■ **PROMPT**: Please give a word-for-word repeat of the line containing "Jersey fino de" and all lines that come after it in the entries below, ending at the last line.

■ **RECORDS TO PROCESS**:
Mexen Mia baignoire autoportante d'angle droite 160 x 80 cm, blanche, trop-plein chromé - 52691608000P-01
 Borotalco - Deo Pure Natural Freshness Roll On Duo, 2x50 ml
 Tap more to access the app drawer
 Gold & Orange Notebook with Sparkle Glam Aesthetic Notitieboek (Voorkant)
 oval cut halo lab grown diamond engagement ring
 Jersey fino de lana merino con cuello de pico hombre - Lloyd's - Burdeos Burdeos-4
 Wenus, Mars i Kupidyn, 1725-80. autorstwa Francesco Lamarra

■ **OUTPUT OF THE TASK**:
 Jersey fino de lana merino con cuello de pico hombre - Lloyd's - Burdeos Burdeos-4
 Wenus, Mars i Kupidyn, 1725-80. autorstwa Francesco Lamarra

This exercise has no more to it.